Rezension zu Volksgemeinschaft, Täterschaft und Antisemitismus

Neues Deutschland vom 31. August 2011

Rezension von Carsten Becker

Wenig beachtet
Aktuelle Debatten der sozialpsychologischen NS-Forschung

Warum hat ein Großteil der deutschen Bevölkerung selbst als das Ende des Hitlerregimes abzusehen war, keinen Widerstand geleistet? Diese Frage beschäftigt die historische Forschung seit Jahrzehnten. Im Gegensatz zu Erklärungsansätzen, die Hitlers angebliches Charisma oder die Repression dafür verantwortlich machen, sind sozialpsychologische Ansätze immer noch wenig beachtet. Das Buch »Volksgemeinschaft, Täterschaft und Antisemitismus« gibt einen auch für Laien guten Überblick über aktuelle Debatten dieser Richtung der NS-Forschung.

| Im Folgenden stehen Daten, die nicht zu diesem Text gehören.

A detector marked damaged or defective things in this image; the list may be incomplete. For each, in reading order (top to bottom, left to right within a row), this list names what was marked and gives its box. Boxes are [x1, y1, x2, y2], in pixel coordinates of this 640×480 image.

In acht Aufsätzen diskutieren Wissenschaftler der Arbeitsgemeinschaft Politische Psychologie an der Leibniz Universität Hannover historische Fragen. So setzt sich der Sozialwissenschaftler Sascha Howind kritisch mit Götz Alys These vom NS-Sozialstaat für deutsche Volksgenossen auseinander. Demgegenüber betont Howind, dass es bei der NS-Volksgemeinschaft gerade nicht um materielle Egalität ging: »Anstelle von Gleichheit wurde Homogenität erzeugt, die soziale Realität war von Ausgrenzung gekennzeichnet, vom Fortbestand sozialer Ungleichheit etwa in Bezug auf die Reallöhne als auch von neuen Ungleichheiten, die sich aus der rassistischen Politik ergaben.«

Die Literaturwissenschaftlerin Isabelle Hannemann zeichnet die feministische Debatte über die Rolle der Frau im NS nach. Im Zentrum ihres Beitrags steht »der Zickzackkurs der historischen Frauenforschung und die Frage, warum man deutsche Frauen zunächst als Unschuldige, gar als Opfer patriarchaler Umstände oder lediglich als Mittäterinnen betrachtete, obwohl einige bereits im Bergen-Belsen-Prozess 1945 als Täterinnen hingerichtet wurden«. Es ist wohl auch ein Ausdruck für Herabsetzung weiblicher Wissenschaftstätigkeit, dass die Historikerinnendebatte über die Rolle der Frau im NS anders als die von Ernst Noltes Thesen angestoßene Debatte öffentlich kaum wahrgenommen wurde.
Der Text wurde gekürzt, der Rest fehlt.